Regan v. New York - 349 U.S. 58 (1955)
U.S. Supreme Court
Regan v. New York, 349 U.S. 58 (1955)
Regan v. New York
Argued November 18, 1954
Decided April 25, 1955
349 U.S. 58
A New York statute confers immunity from prosecution for any criminal activity disclosed before a grand jury in testimony relating to bribery. The New York City Charter provides that any city employee who refuses to sign a waiver of his immunity against subsequent prosecution upon any matter of an official nature about which he is asked to testify shall lose his job and be disqualified from future employment with the city. A member of the New York City police department was called to testify before a grand jury and he signed a waiver of immunity against prosecution. Twenty-one months after his separation from the police department, he was again before the grand jury, and was asked whether he had accepted any bribes from bookmakers or gamblers while he was in the police department. He refused lo answer on the ground that his answer might tend to incriminate him. He was thereupon convicted of contempt and sentenced to imprisonment.

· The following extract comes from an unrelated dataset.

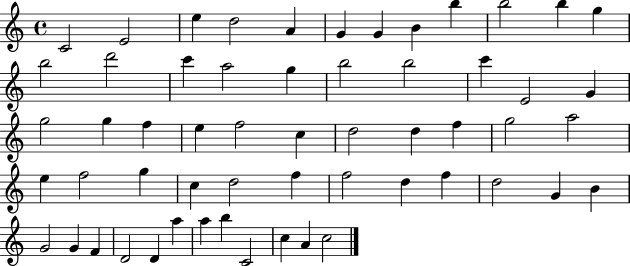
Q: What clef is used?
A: treble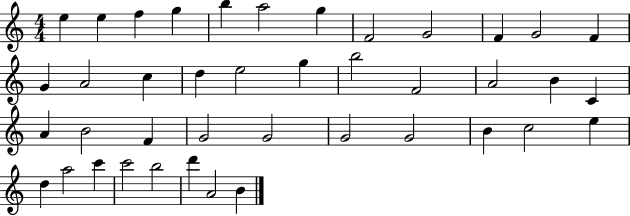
E5/q E5/q F5/q G5/q B5/q A5/h G5/q F4/h G4/h F4/q G4/h F4/q G4/q A4/h C5/q D5/q E5/h G5/q B5/h F4/h A4/h B4/q C4/q A4/q B4/h F4/q G4/h G4/h G4/h G4/h B4/q C5/h E5/q D5/q A5/h C6/q C6/h B5/h D6/q A4/h B4/q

Held: he was not deprived of any rights under the Federal Constitution. Pp. 349 U. S. 59-64.
(a) The immunity statute removed any justification that he may have had for not testifying. The validity or invalidity of the waiver is a matter of no consequence. P. 349 U. S. 62.
(b) If the waiver is valid, his situation is simply that of one who voluntarily chooses to waive an immunity provided by statute. Pp. 349 U. S. 62-63.

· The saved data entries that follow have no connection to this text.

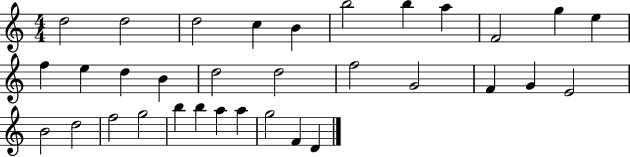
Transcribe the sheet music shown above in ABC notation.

X:1
T:Untitled
M:4/4
L:1/4
K:C
d2 d2 d2 c B b2 b a F2 g e f e d B d2 d2 f2 G2 F G E2 B2 d2 f2 g2 b b a a g2 F D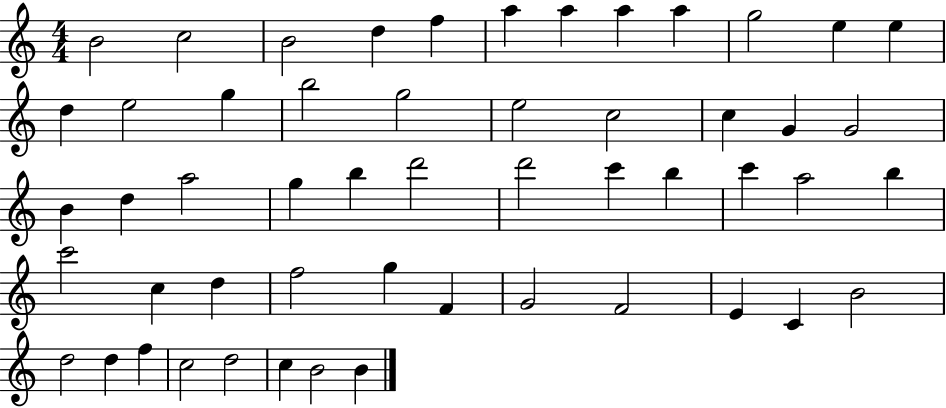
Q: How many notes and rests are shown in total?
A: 53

(c) If the waiver is invalid, the statutory immunity from prosecution persists and his testimony could not possibly be self-incriminatory. Pp. 349 U. S. 63-64.
(d) His refusal to testify was not justified by the uncertainty as to whether or not he could be prosecuted for criminal activity which might be revealed in his testimony. P. 349 U. S. 64.
306 N.Y. 747, 117 N.E.2d 921, affirmed.